Syria's disintegration could unleash the Assad regime's stockpile of chemical and other weapons. Hezbollah, with the support of Iran, might shift rockets and other sophisticated weapons from Syria to Lebanon. And after years of a relatively stable border with Syria along the Golan Heights, Israel now faces growing jihadist threats there and a U.N. monitoring mission under pressure.
The United States and Israel thus share the common goal of expediting Assad's departure in a way that minimizes risks to regional stability and of an imploding Syrian state. In his recent trip to the region, Secretary of State John Kerry -- building on the work done by his predecessor Hillary Clinton -- opened channels of direct aid (though still non-lethal) to the opposition and lent full public support to the assistance by others. The United States should do more to help shift the balance of forces on the ground -- to increase the pressure on Assad before a bloody battle over Damascus. U.S. agencies are gaining greater knowledge about the groups on the ground. The battle today over the ouster of Assad is the prelude to the battle over the future of Syria after Assad goes. The United States can't expect to have much influence on that future, nor much leverage on those who will decide it, if it is not working to strengthen more moderate groups now.
Finally, the third topic for Obama and Netanyahu is Israeli-Palestinian peace. This arguably is the one most fraught with disagreement: Whereas the United States sees this as an important issue that must be tackled with some urgency, many in Israel see things differently.
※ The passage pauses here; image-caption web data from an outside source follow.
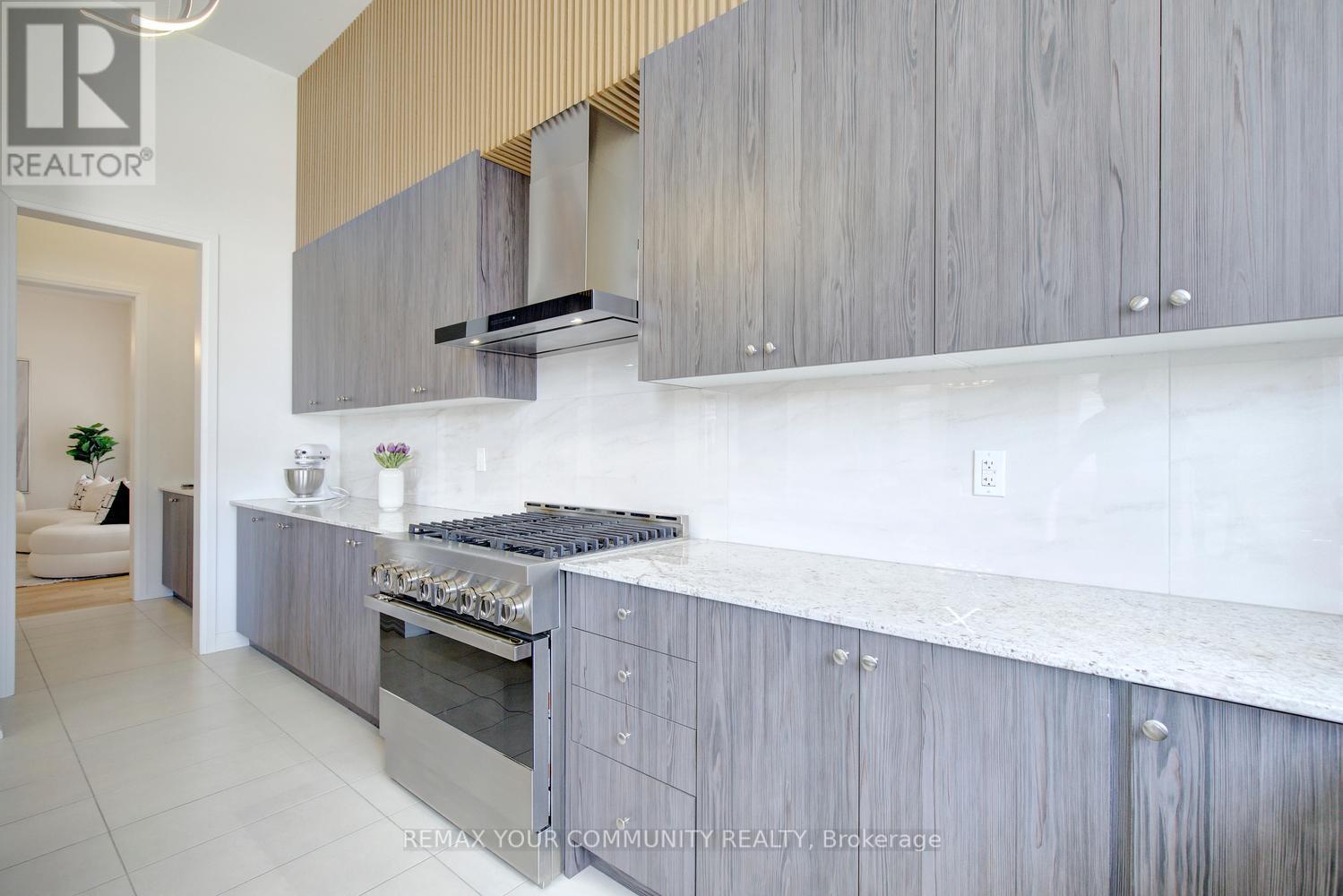 96 Bond Crescent, Richmond Hill, Ontario  L4E 3K7 - Photo 22 - N13627710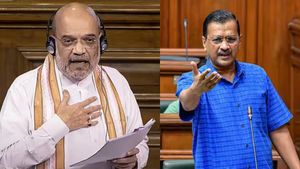 Delhi Services: दिल्ली के प्रशासन पर नए कानून से उठते सवाल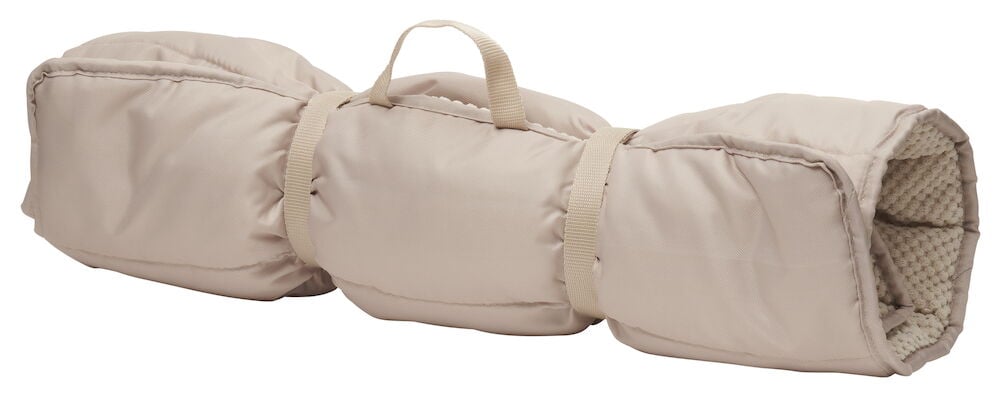 Beige hundfilt ihoprullad med handtag och kardborrband.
They believe progress is highly unlikely, that concessions at a time of regional volatility are unwise, and that the world must first take care of Iran.
It is important from the outset to clarify a few points: The argument made by those in the United States on behalf of movement on the peace process is not -- nor has it ever been -- that resolving the conflict is the key to resolving all other regional issues. No, the argument made by those of us who advocate efforts on behalf of a two-state solution is different: It is that the status quo is not stable and does not serve U.S. interests, Israel's or those of moderate Palestinians.
In the West Bank, the combination of rising economic distress, anger at the Palestinian Authority -- which has problems paying salaries -- and loss of faith in negotiations, is combustible. Clashes between Palestinians and Israelis are increasing. Palestinian security cooperation with Israel is fraying, leading to an increase in incursions by the Israeli military. The danger of a misstep quickly escalating out of control is real.